Road transport industry to EU states: Reject mandatory purchasing targets

17 Jan 2024 · Environment

IRU, the world road transport organisation, has called on EU Member States to firmly reject the European Parliament’s proposal to impose mandatory purchasing targets for zero-emission heavy-duty vehicles on transport operators.

In a letter sent to Member States, IRU has urged EU countries to reject mandatory purchasing targets for zero-emission heavy-duty vehicles (HDVs) on transport operators, as proposed by the European Parliament as part of the revision of the CO2 emission standards for HDVs.

In November 2023, the Parliament adopted its negotiating position on the European Commission’s proposal on CO2 standards for HDVs, introducing a new article that would mandate the Commission to present a legislative proposal to increase the share of zero-emission heavy-duty motor vehicles owned or leased by large fleet operators.

IRU Director of EU Advocacy Raluca Marian said, “Placing mandatory purchasing targets for zero-emission vehicles on private operators would be in opposition to basic rights guaranteed by the EU Charter.

“The mandate to purchase zero-emission vehicles may not only violate the right to property and the right to conduct business, but it may also lead to market distortions since the Parliament’s version envisages that such restrictions on capital use will only apply to large operators.

“Both larger and smaller transport operators have razor-thin margins.

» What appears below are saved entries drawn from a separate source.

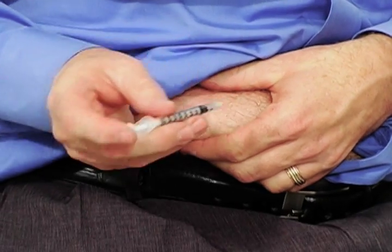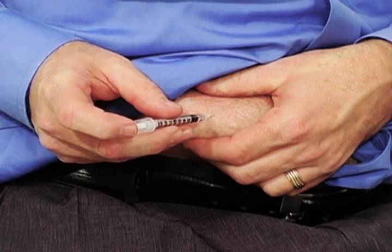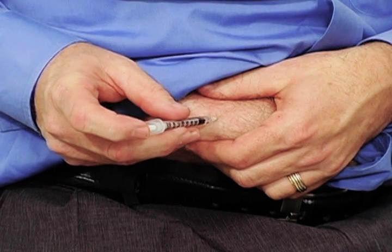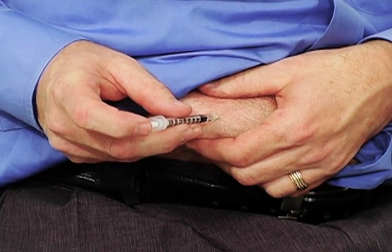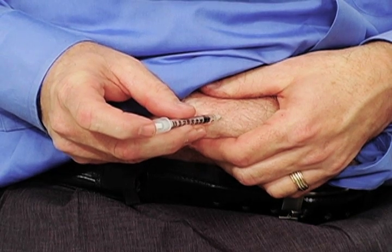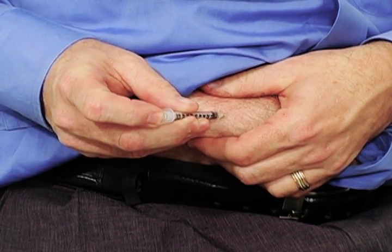Great. Now you're going to pinch your skin, pull it away, and place the needle against it. Stop right there — do you feel any pain, just a little bit of pressure, or nothing at all? Nothing at all. So if you apply a little bit of pressure, you'll find that the syringe goes all the way in.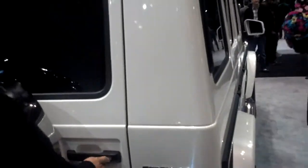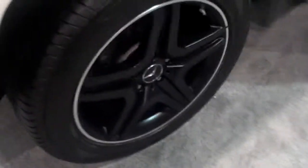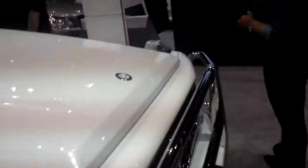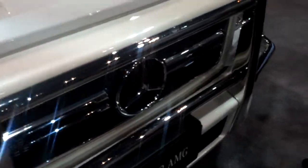This is the Mercedes-Benz G55 AMG, the G-Wagon. Beautiful black rims, beautiful white interior. This has been a German and Swiss military vehicle, powered by a Turbo V8. Beautiful — look at these black caliper rims. Chrome bulbars.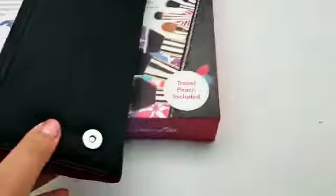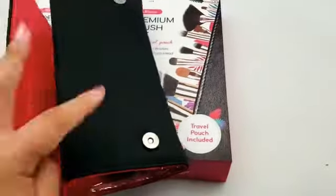And this is the packaging right here — two pieces minimum.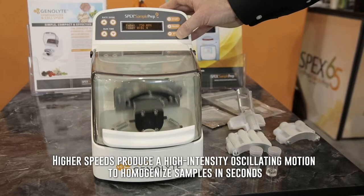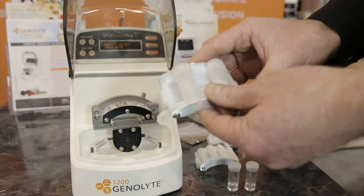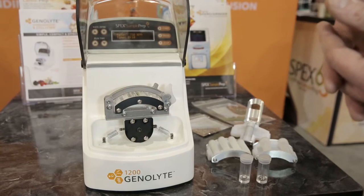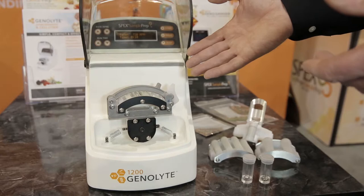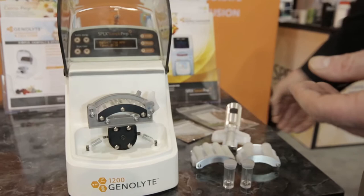We also have different sized tubes that we can load into the same clamp — 5 ml tubes and 7 ml tubes. We also have a tungsten carbide liner that we can use to grind very hard substances like rocks and minerals. This is a very versatile mill in terms of sample types. For plants or animal tissues, people are looking at DNA or RNA, while for rocks and minerals, people might be interested in elemental content, making this product useful across a diverse range of labs and analytical techniques.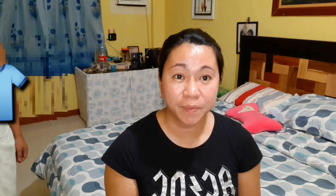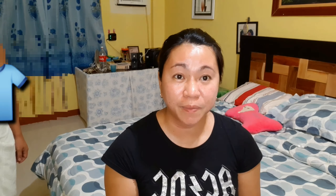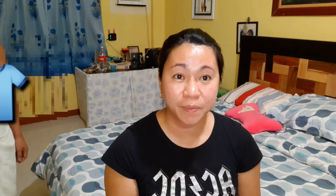It actually looks not so great without it — like if there's a light source but I'm not using the ring light, your face isn't that bright or clear. But with the ring light, even with other lights around, it makes a big difference. It's so much brighter and your face is clearly visible.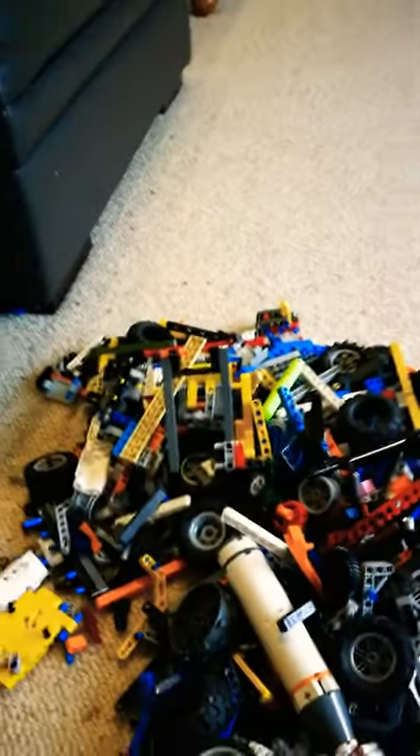There's a way to clean up Lego very fast. I've got this box here — you can use a bag, just use a box, and put the box in the back.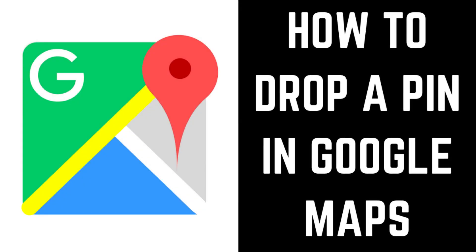Hey everyone. I'm Max Dalton, and in this video I'll show you how to drop a PIN on Google Maps.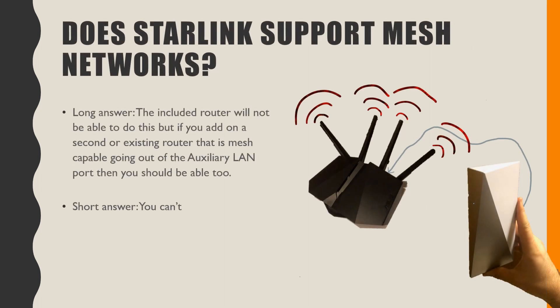Another question I get asked a lot: does it support mesh networks? The short answer from their site is basically no. You can't access the router settings, but if you go out through the auxiliary port and connect an additional router that does support mesh, you should be fine. Definitely keep it far enough away from the original router to avoid interference, because right now you can't turn off the WiFi on the included Starlink router — unless you build a Faraday cage around it to block those signals, which actually sounds interesting. I'd like to figure out what size holes the wire mesh would need to be.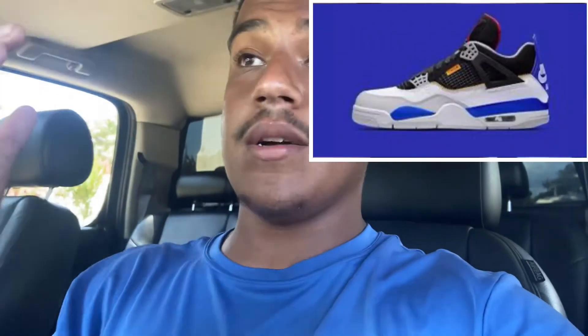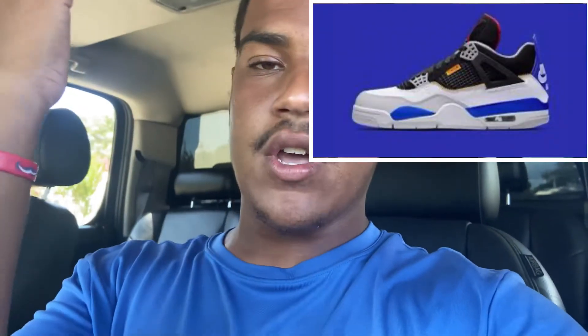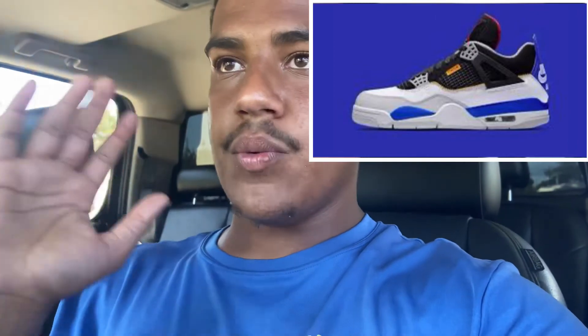So I'm really feeling the tongue on this Jordan 4 Union. Now the midsole — I don't know where the hell they came up with the idea for this shoe. The mockup looked damn good compared to what they're actually intending on releasing. Now these will release in August sometime — I do not know the exact date.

The obligation to buy vehicles that are potentially not suited to their types of operations and are two to three times more expensive would unavoidably place some players at a competitive disadvantage.”

Furthermore, there is currently a significant lack of alternative fuels infrastructure across the EU and the Alternative Fuels Infrastructure Regulation will only become applicable starting this year.

“The purchase of zero-emission vehicles should be supported by financial incentives for the uptake of new technologies and by creating the enabling conditions, including the infrastructure, to run such vehicles. Any proposal that forces transport operators to purchase certain types of vehicles should be firmly rejected as it would amount to a state-controlled economy,” concluded Raluca Marian.